══ MATERIAL SHOWN ══
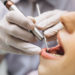 Perawatan Gigi yang Ditanggung BPJS Kesehatan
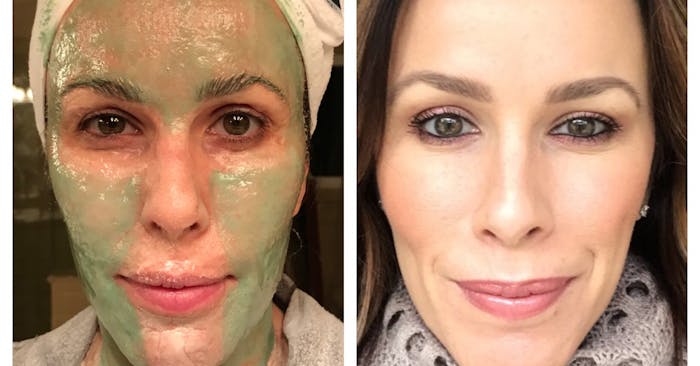 Enzyme facial before and after photo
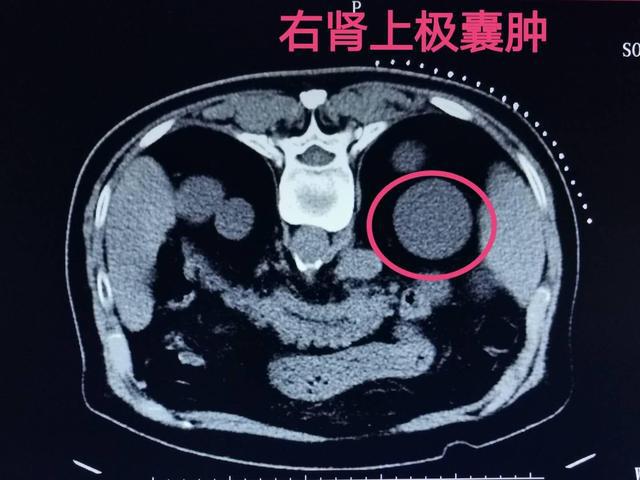抖音视频:澳门一肖一码必中一肖-肾囊肿是什么原因引起的  第3张
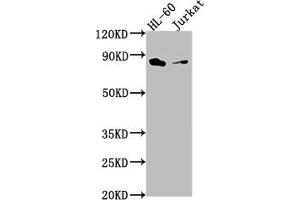 Western Blot Positive WB detected in: HL-60 whole cell lysate, Jurkat whole cell lysate All lanes: ELMO1 antibody at 1:2000 Secondary Goat polyclonal to rabbit IgG at 1/50000 dilution Predicted band size: 84, 29, 50 kDa Observed band size: 84 kDa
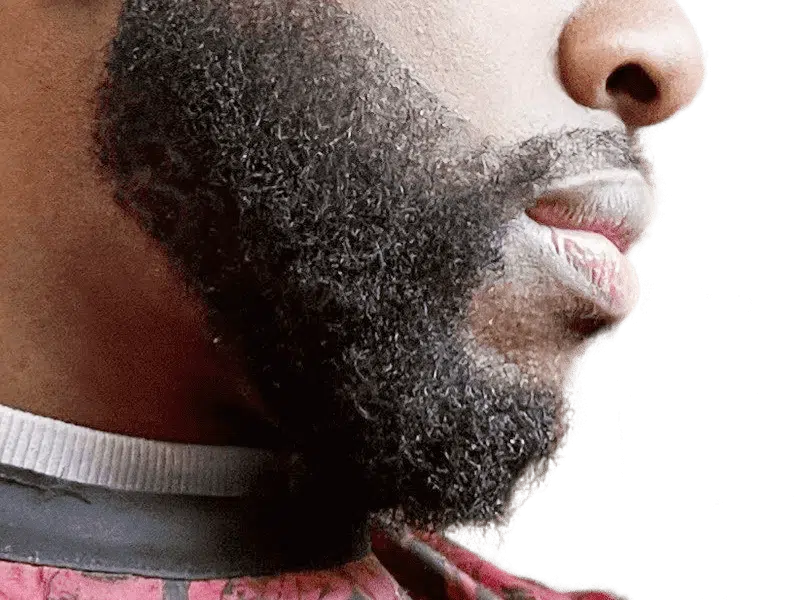Full, healthy beard on African American man. Hair restoration results. Before hair transplant not visible.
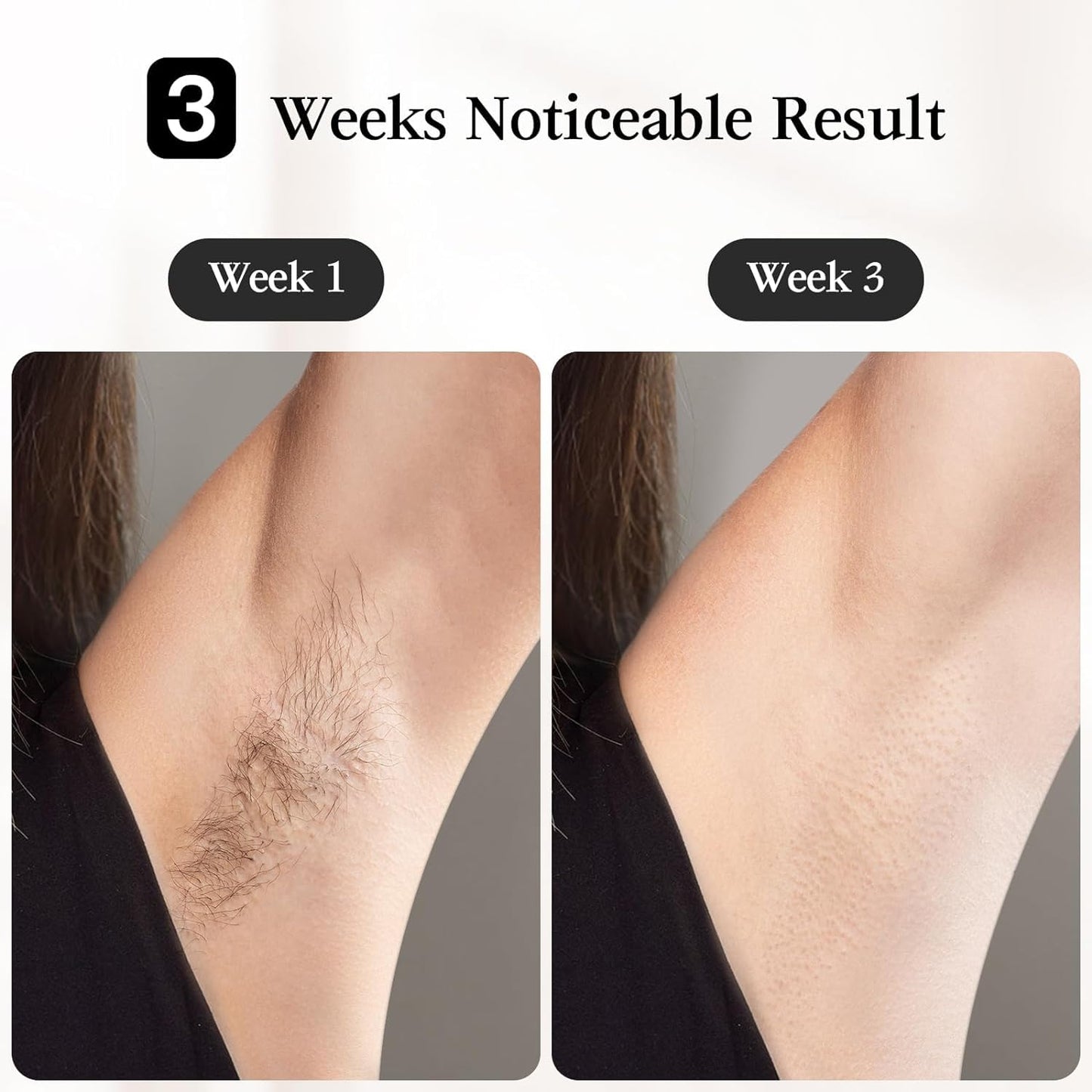 JOVS Venus Pro IPL Hair Removal for Women and Men - TECHTOYSHUB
═══
REQUIRED WORK
A faithful, complete copy of the records above is required, one that contains no pictures.

TASK RESULT
 Perawatan Gigi yang Ditanggung BPJS Kesehatan
 Enzyme facial before and after photo
抖音视频:澳门一肖一码必中一肖-肾囊肿是什么原因引起的  第3张
 Western Blot Positive WB detected in: HL-60 whole cell lysate, Jurkat whole cell lysate All lanes: ELMO1 antibody at 1:2000 Secondary Goat polyclonal to rabbit IgG at 1/50000 dilution Predicted band size: 84, 29, 50 kDa Observed band size: 84 kDa
Full, healthy beard on African American man. Hair restoration results. Before hair transplant not visible.
 JOVS Venus Pro IPL Hair Removal for Women and Men - TECHTOYSHUB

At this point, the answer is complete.